- What you will do
Reproduce only the lines from the line containing "The New Employee" to the end of the entries below, including both of those lines.

Items listed in a dataset:
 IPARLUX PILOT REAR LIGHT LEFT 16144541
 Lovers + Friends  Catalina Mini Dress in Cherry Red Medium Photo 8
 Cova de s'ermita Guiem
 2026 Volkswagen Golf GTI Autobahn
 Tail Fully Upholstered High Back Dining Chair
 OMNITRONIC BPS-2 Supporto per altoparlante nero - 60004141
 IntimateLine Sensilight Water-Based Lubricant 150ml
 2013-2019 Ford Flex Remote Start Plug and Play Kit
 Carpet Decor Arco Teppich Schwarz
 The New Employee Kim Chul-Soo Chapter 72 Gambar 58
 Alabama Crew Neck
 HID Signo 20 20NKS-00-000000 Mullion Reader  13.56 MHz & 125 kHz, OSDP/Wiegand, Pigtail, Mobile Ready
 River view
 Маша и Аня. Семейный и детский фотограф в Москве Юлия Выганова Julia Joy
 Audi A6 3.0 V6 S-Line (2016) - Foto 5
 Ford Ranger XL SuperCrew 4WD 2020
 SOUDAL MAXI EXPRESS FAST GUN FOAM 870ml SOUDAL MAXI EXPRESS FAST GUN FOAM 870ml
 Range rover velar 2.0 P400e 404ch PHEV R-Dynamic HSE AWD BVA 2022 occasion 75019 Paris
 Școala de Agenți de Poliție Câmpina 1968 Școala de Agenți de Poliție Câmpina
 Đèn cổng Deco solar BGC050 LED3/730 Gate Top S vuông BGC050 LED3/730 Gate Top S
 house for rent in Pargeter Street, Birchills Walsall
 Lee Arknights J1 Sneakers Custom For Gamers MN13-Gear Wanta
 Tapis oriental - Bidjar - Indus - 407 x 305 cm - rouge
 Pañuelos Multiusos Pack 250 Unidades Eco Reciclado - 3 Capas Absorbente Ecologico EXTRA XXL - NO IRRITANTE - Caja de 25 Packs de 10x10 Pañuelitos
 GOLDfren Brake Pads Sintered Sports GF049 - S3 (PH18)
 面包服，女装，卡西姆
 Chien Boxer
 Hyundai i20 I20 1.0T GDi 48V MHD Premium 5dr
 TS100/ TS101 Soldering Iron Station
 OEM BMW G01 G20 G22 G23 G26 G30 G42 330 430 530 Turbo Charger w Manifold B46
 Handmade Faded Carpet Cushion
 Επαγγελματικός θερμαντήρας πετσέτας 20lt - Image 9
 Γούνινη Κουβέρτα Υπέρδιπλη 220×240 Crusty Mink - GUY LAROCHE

- Exercise result
 The New Employee Kim Chul-Soo Chapter 72 Gambar 58
 Alabama Crew Neck
 HID Signo 20 20NKS-00-000000 Mullion Reader  13.56 MHz & 125 kHz, OSDP/Wiegand, Pigtail, Mobile Ready
 River view
 Маша и Аня. Семейный и детский фотограф в Москве Юлия Выганова Julia Joy
 Audi A6 3.0 V6 S-Line (2016) - Foto 5
 Ford Ranger XL SuperCrew 4WD 2020
 SOUDAL MAXI EXPRESS FAST GUN FOAM 870ml SOUDAL MAXI EXPRESS FAST GUN FOAM 870ml
 Range rover velar 2.0 P400e 404ch PHEV R-Dynamic HSE AWD BVA 2022 occasion 75019 Paris
 Școala de Agenți de Poliție Câmpina 1968 Școala de Agenți de Poliție Câmpina
 Đèn cổng Deco solar BGC050 LED3/730 Gate Top S vuông BGC050 LED3/730 Gate Top S
 house for rent in Pargeter Street, Birchills Walsall
 Lee Arknights J1 Sneakers Custom For Gamers MN13-Gear Wanta
 Tapis oriental - Bidjar - Indus - 407 x 305 cm - rouge
 Pañuelos Multiusos Pack 250 Unidades Eco Reciclado - 3 Capas Absorbente Ecologico EXTRA XXL - NO IRRITANTE - Caja de 25 Packs de 10x10 Pañuelitos
 GOLDfren Brake Pads Sintered Sports GF049 - S3 (PH18)
 面包服，女装，卡西姆
 Chien Boxer
 Hyundai i20 I20 1.0T GDi 48V MHD Premium 5dr
 TS100/ TS101 Soldering Iron Station
 OEM BMW G01 G20 G22 G23 G26 G30 G42 330 430 530 Turbo Charger w Manifold B46
 Handmade Faded Carpet Cushion
 Επαγγελματικός θερμαντήρας πετσέτας 20lt - Image 9
 Γούνινη Κουβέρτα Υπέρδιπλη 220×240 Crusty Mink - GUY LAROCHE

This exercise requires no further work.